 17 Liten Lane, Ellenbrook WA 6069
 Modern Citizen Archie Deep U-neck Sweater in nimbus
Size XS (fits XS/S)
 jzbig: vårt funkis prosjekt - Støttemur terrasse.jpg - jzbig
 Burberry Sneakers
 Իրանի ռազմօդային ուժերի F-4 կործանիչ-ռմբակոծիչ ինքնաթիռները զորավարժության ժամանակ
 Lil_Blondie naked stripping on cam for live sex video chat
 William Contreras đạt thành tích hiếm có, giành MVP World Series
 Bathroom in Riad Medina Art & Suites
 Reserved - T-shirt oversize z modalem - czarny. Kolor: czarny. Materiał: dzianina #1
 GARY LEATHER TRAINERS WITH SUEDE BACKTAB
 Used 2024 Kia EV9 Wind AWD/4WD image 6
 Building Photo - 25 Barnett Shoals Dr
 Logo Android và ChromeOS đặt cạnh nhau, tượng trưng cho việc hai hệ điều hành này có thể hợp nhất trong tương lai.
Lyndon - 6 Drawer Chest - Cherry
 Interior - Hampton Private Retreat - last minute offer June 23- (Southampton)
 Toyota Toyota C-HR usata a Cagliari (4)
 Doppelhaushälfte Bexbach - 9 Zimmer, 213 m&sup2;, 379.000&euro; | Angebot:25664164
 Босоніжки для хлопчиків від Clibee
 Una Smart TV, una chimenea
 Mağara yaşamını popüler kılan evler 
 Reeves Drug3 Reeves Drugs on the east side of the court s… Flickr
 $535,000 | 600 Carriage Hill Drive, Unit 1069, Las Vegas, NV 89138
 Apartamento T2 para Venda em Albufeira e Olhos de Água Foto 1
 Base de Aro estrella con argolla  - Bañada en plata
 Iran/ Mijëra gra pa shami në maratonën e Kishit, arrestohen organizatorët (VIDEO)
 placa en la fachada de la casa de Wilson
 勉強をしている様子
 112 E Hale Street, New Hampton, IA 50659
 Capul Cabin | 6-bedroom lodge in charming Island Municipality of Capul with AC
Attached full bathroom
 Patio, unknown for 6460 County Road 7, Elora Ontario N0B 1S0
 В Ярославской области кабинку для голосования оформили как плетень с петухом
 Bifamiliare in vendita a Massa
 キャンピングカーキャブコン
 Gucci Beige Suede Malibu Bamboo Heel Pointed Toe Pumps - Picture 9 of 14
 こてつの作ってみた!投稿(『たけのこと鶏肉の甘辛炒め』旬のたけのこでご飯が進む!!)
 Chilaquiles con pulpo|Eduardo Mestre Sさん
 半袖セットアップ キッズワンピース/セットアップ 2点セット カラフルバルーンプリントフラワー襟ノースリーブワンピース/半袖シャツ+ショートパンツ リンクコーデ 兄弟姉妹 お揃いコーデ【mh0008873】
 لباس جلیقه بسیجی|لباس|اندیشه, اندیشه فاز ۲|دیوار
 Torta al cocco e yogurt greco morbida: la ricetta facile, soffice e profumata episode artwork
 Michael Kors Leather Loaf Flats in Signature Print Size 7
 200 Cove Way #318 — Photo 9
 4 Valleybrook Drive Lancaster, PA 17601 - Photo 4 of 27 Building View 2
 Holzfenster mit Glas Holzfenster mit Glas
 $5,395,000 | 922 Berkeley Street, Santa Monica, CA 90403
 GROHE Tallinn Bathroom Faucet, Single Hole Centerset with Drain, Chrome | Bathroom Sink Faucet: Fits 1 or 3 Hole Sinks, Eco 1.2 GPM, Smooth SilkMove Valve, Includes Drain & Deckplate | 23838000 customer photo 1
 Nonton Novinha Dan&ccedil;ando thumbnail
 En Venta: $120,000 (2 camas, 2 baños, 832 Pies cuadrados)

Task details →
Nothing may be dropped or altered. Copy every line above.

Written response →
 17 Liten Lane, Ellenbrook WA 6069
 Modern Citizen Archie Deep U-neck Sweater in nimbus
Size XS (fits XS/S)
 jzbig: vårt funkis prosjekt - Støttemur terrasse.jpg - jzbig
 Burberry Sneakers
 Իրանի ռազմօդային ուժերի F-4 կործանիչ-ռմբակոծիչ ինքնաթիռները զորավարժության ժամանակ
 Lil_Blondie naked stripping on cam for live sex video chat
 William Contreras đạt thành tích hiếm có, giành MVP World Series
 Bathroom in Riad Medina Art & Suites
 Reserved - T-shirt oversize z modalem - czarny. Kolor: czarny. Materiał: dzianina #1
 GARY LEATHER TRAINERS WITH SUEDE BACKTAB
 Used 2024 Kia EV9 Wind AWD/4WD image 6
 Building Photo - 25 Barnett Shoals Dr
 Logo Android và ChromeOS đặt cạnh nhau, tượng trưng cho việc hai hệ điều hành này có thể hợp nhất trong tương lai.
Lyndon - 6 Drawer Chest - Cherry
 Interior - Hampton Private Retreat - last minute offer June 23- (Southampton)
 Toyota Toyota C-HR usata a Cagliari (4)
 Doppelhaushälfte Bexbach - 9 Zimmer, 213 m&sup2;, 379.000&euro; | Angebot:25664164
 Босоніжки для хлопчиків від Clibee
 Una Smart TV, una chimenea
 Mağara yaşamını popüler kılan evler 
 Reeves Drug3 Reeves Drugs on the east side of the court s… Flickr
 $535,000 | 600 Carriage Hill Drive, Unit 1069, Las Vegas, NV 89138
 Apartamento T2 para Venda em Albufeira e Olhos de Água Foto 1
 Base de Aro estrella con argolla  - Bañada en plata
 Iran/ Mijëra gra pa shami në maratonën e Kishit, arrestohen organizatorët (VIDEO)
 placa en la fachada de la casa de Wilson
 勉強をしている様子
 112 E Hale Street, New Hampton, IA 50659
 Capul Cabin | 6-bedroom lodge in charming Island Municipality of Capul with AC
Attached full bathroom
 Patio, unknown for 6460 County Road 7, Elora Ontario N0B 1S0
 В Ярославской области кабинку для голосования оформили как плетень с петухом
 Bifamiliare in vendita a Massa
 キャンピングカーキャブコン
 Gucci Beige Suede Malibu Bamboo Heel Pointed Toe Pumps - Picture 9 of 14
 こてつの作ってみた!投稿(『たけのこと鶏肉の甘辛炒め』旬のたけのこでご飯が進む!!)
 Chilaquiles con pulpo|Eduardo Mestre Sさん
 半袖セットアップ キッズワンピース/セットアップ 2点セット カラフルバルーンプリントフラワー襟ノースリーブワンピース/半袖シャツ+ショートパンツ リンクコーデ 兄弟姉妹 お揃いコーデ【mh0008873】
 لباس جلیقه بسیجی|لباس|اندیشه, اندیشه فاز ۲|دیوار
 Torta al cocco e yogurt greco morbida: la ricetta facile, soffice e profumata episode artwork
 Michael Kors Leather Loaf Flats in Signature Print Size 7
 200 Cove Way #318 — Photo 9
 4 Valleybrook Drive Lancaster, PA 17601 - Photo 4 of 27 Building View 2
 Holzfenster mit Glas Holzfenster mit Glas
 $5,395,000 | 922 Berkeley Street, Santa Monica, CA 90403
 GROHE Tallinn Bathroom Faucet, Single Hole Centerset with Drain, Chrome | Bathroom Sink Faucet: Fits 1 or 3 Hole Sinks, Eco 1.2 GPM, Smooth SilkMove Valve, Includes Drain & Deckplate | 23838000 customer photo 1
 Nonton Novinha Dan&ccedil;ando thumbnail
 En Venta: $120,000 (2 camas, 2 baños, 832 Pies cuadrados)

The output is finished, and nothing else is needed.